I hate to think that I'm the kind of person that holds a grudge. I like to think of myself as humble enough to acknowledge my own failings and compassionate enough to forgive others of their failings but I'm starting to wonder about that. Today, I drove past the the home of an old friend and all I could think about was how disappointed I still am in something he did many years ago. It's not something he did to me . . . it's just something he did that spoke so clearly to his character. He used a blowtorch to create burn marks on a dead tree in his yard in order to file an insurance claim for lightning damage.
OK, I'll admit that this isn't murder but it is insurance fraud. Oddly enough, he's a manager in another area of the insurance industry. He's also a deacon in a local church and a Sunday School teacher. I didn't personally witness the torching but a good friend of mine and neighbor of his did witness it and then inquired about what he was doing. He readily admitted what he was doing and why and showed no remorse or regret. I wish I could think of him any other way but although this incident occurred many years ago, it's still the first thing I think of any time that I see him. We are no longer is the same church and we don't run in the same circles so I don't see him all that often.
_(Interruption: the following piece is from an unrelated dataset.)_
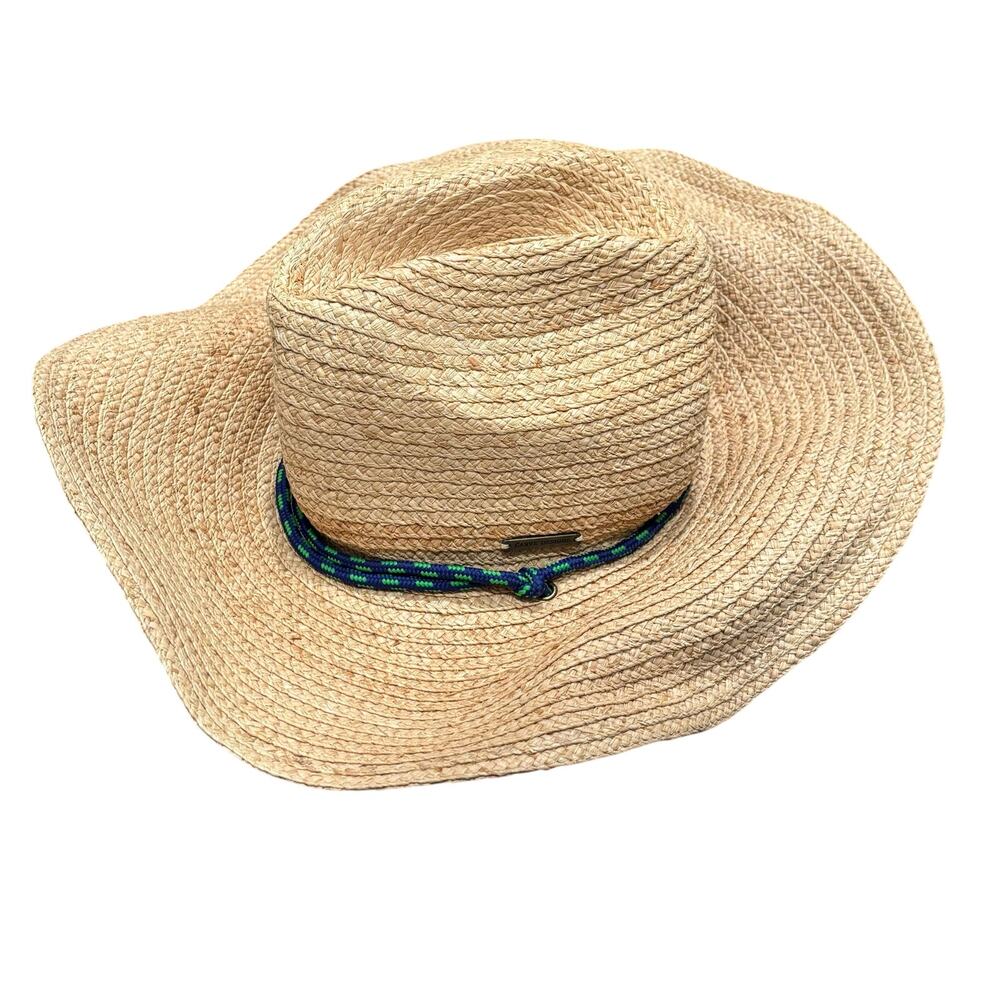 Carve Designs Floppy Raffia Hat - One Size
Because we have kids about the same age, I occasionally see him at a wedding or other community event. I'm cordial toward him but nothing more.
I know this guy to have done some very good things like working with prison and jail ministries. But even in that scenario, this incident makes him seem like a hypocrite. Had he been busted for the insurance fraud, he, too may have been on the receiving end of prison ministry. I sometimes wonder if I should sit down with him and lay my cards on the table? I wonder how he might respond? I wonder how I might respond if someone respectfully confronted me with a past transgression that was still gnawing at them? I wonder if it's that I somehow want to play the role of the Holy Spirit in his life, a role that is not mine to play?
The truth is that all of us make bad decisions in our lives and sometimes there are long-term consequences for those decisions. I suppose that's one of the reasons that public confession is good for us. For all I know, this guy recognized the error of his way many years ago, asked God's forgiveness and made it right with his insurance company. I'm the one carrying a burden that he may long ago have laid down. I think it's time that I trusted him with the Holy Spirit and quit judging him for this incident.
Are there burdens like this that you need to lay down, too?